All TES cases were performed by the same operator (P.P.). All patients underwent an anterior-posterior approach. The anterior retroperitoneal approach on the left side was used to identify and cut the diaphragmatic crus, which were inserted at the L2 vertebral body (Figure 1). En bloc laminectomy was then performed with a posterior approach using T-saw pediculectomy (Figure 2). The bilateral L2 nerve roots were ligated and cut at the level proximal to the dorsal root ganglion. The en bloc vertebrectomy was done using a posterior approach by cutting the adjacent intervertebral disc with an L-shape osteotome (Figure 3) and then rotating the vertebral body outward carefully to avoid any thecal sac injury. A titanium mesh cage was used for anterior column reconstruction, and spinal shortening was performed to tighten the cage and increase spinal blood flow.

Figure 1
  • Download figure
  • Open in new tab
  • Download powerpoint
Figure 1

The diaphragmatic crus from left side anterior retroperitoneal approach.

Figure 2
  • Download figure
  • Open in new tab
  • Download powerpoint
Figure 2

En bloc laminectomy performed with a posterior approach using T-saw pediculectomy.

Figure 3
  • Download figure
  • Open in new tab
  • Download powerpoint
Figure 3

L-shaped osteotome used to perform spondylectomy through posterior approach.

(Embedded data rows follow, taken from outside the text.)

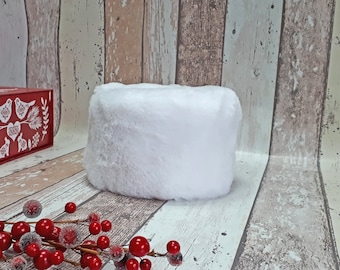 Handmade Snow White Faux Fur Cossack Hat: Women's & Girl's Fluffy Hat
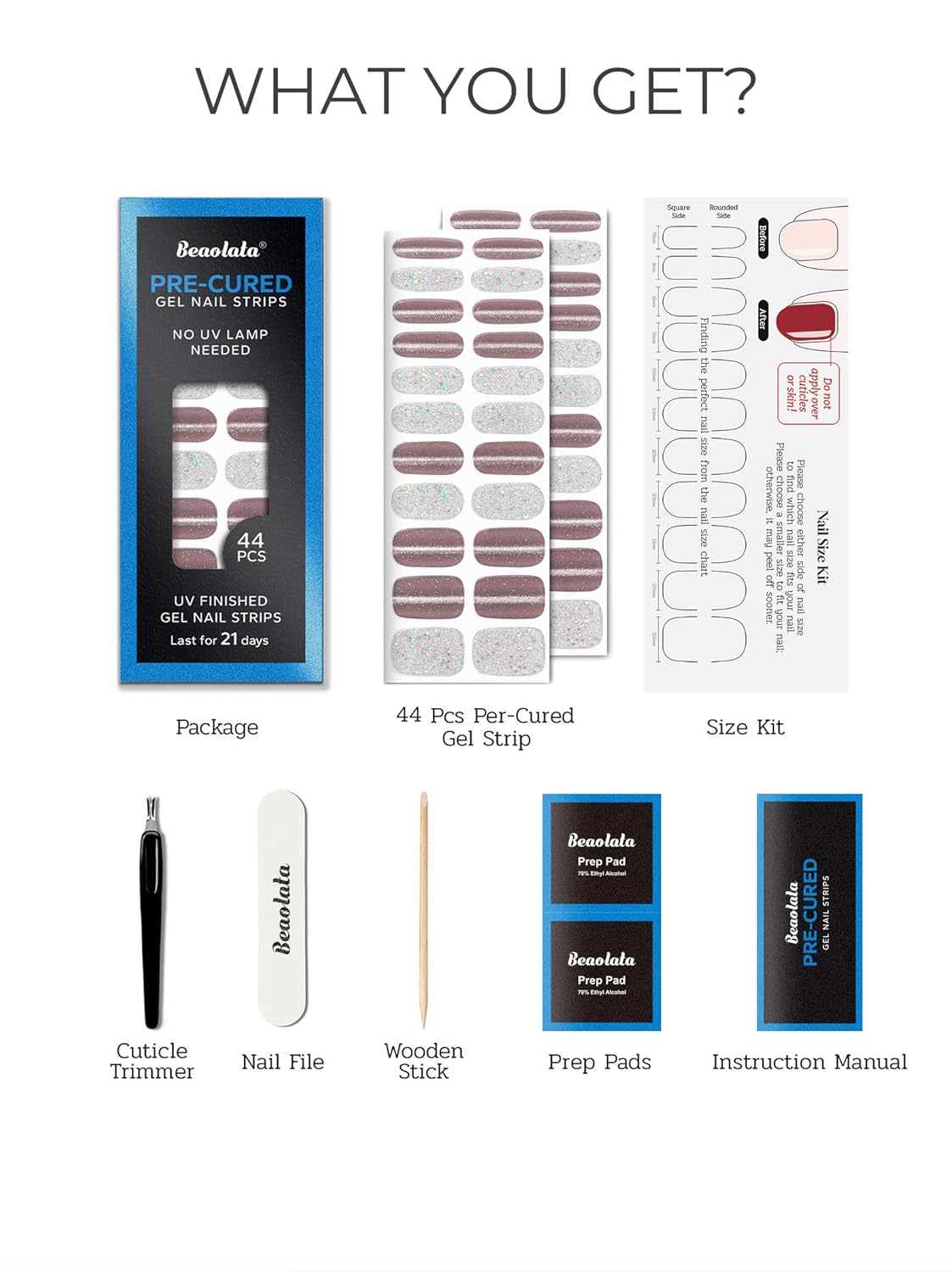 Pre Cured Gel Nail Strips - 44PCS Salon Quality Gel Nail Stickers - Long Lasting Polish Wraps for Women no UV Light Needed Easy Apply& Remove (Smoky Silver）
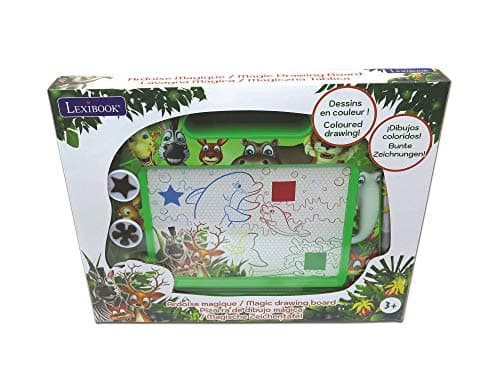 Lexibook- Ardoise Magique Multicolore Animaux, Jouet Artistique et créatif pour Filles et garçons, Magnétique avec Stylet et tampons pour Dessiner, Vert, CRANX550 3 plus ans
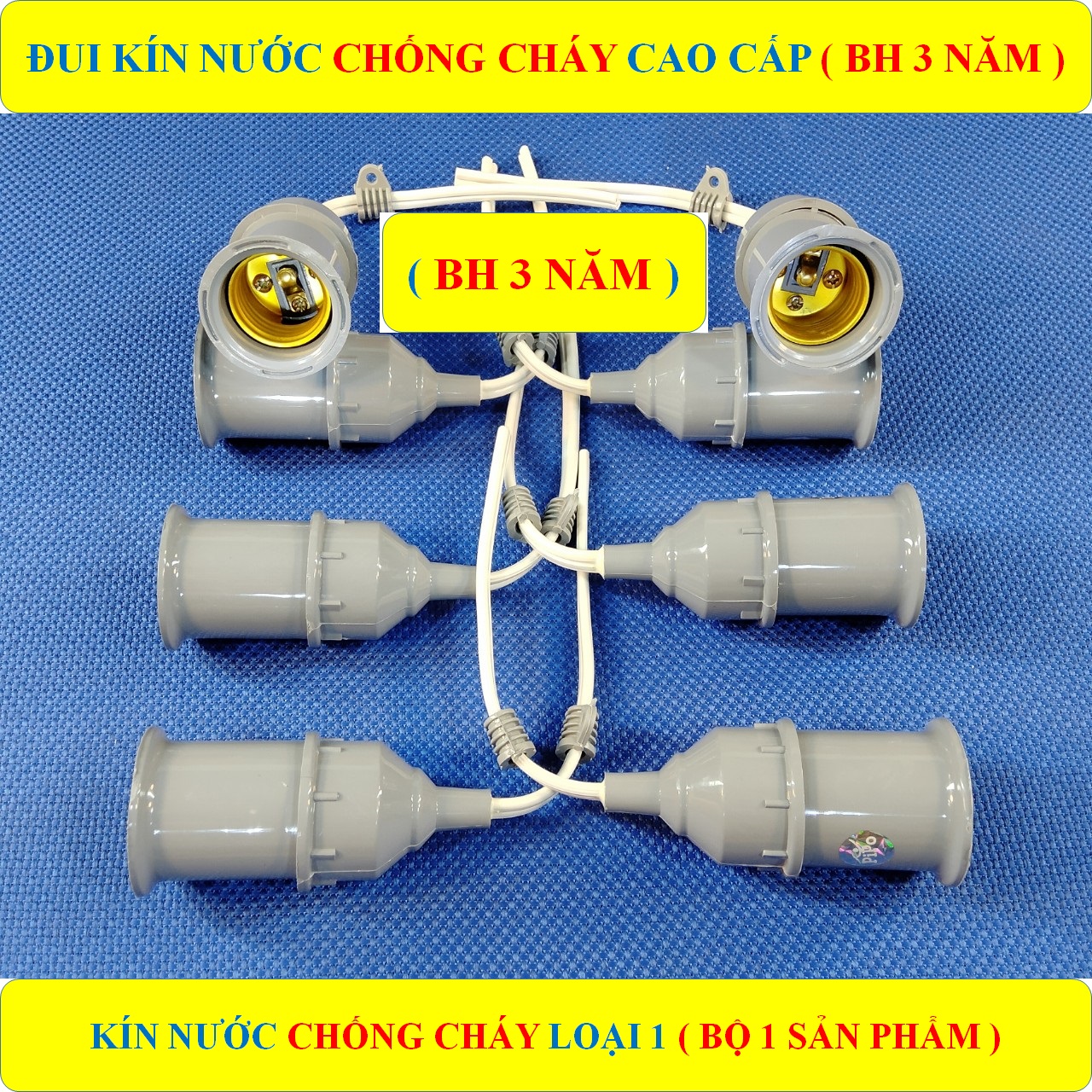 Đui Xoáy treo KÍN NƯỚC CHỐNG CHÁY LOẠI 1 đui E27 CAO CẤP+ BH 3 NĂM (bộ 1 sản phẩm)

The primary outcome was neurologic recovery of the IP and Qd vis-à-vis motor function according to MMT grading. The secondary outcomes were Frankel neurological status, sensation impairment, the Eastern Cooperative Oncology Group (ECOG) score, and the Oswestry Disability Index (ODI)13,14 at the last follow-up. In terms of follow-up, a clinical evaluation was done, and a plain radiograph taken monthly until month 3. Then a clinical assessment was done, and a plain radiograph and computed tomographic (CT) image were taken of the spine every 3 months until 1 year. Finally, the clinical examination and x-ray imaging were done every 6 months until year 2. Magnetic resonance imaging (MRI) was indicated when local recurrence of the tumor was suspected by CT. In terms of neurological status and MMT testing evaluation, all patients were assessed by the operating author (P.P.).

RESULTS

Of the 38 TES cases at our institution, 8 underwent TES at the L2 level. After screening according to the inclusion and exclusion criteria, only 6 patients (4 men) remained in the study. The demographic data, presenting symptoms, and duration of symptoms for these patients are presented in Table 1.

View this table:
  • View inline
  • View popup
Table 1

Patients’ demographics and presenting symptoms.

Immediately postoperatively, 1 patient (case no. 3) had a temporary single grade bilateral reduction in the MMT of the Qd (Table 2). All patients had bilateral anterior thigh and groin paresthesia and 1 patient (case no. 4) had transient tingling in the anterior groin. All patients at the last follow-up showed recovery of the IP and Qd MMT to at least grade 4. The ECOG score was improved in all patients. Regarding ADL, all patients could perform self-care and dependent ambulation at home by the last follow-up (Table 2). Most of the patients could perform self-ambulation with gait aids, such as a walker frame, within 5 months postoperatively. Regarding ODI, the disability status was mild (score ranges from 10% to 28%) in 5 patients and moderate in 1 patient (score ranges from 30% to 48%) at the last follow-up period. All patients had persistent bilateral numbness of the anterior thigh, but this did not disturb their ADL. Five of the 6 patients were still attending follow-up more than 12 months postoperatively. One patient died (case no.1) from the disease (cholangiocarcinoma) at 7 months postoperatively. Before his death, he could perform ADL with minimal help and was satisfied with the result of his spinal surgery.

View this table:
  • View inline
  • View popup
Table 2

The Eastern Cooperative Oncology Group (ECOG), Frankel grading, Oswestry Disability Index (ODI) at the last follow-up, and Manual Muscle Testing (MMT) of the iliopsoas (IP) and quadriceps (Qd) at preoperative and postoperative follow-up until last follow-up.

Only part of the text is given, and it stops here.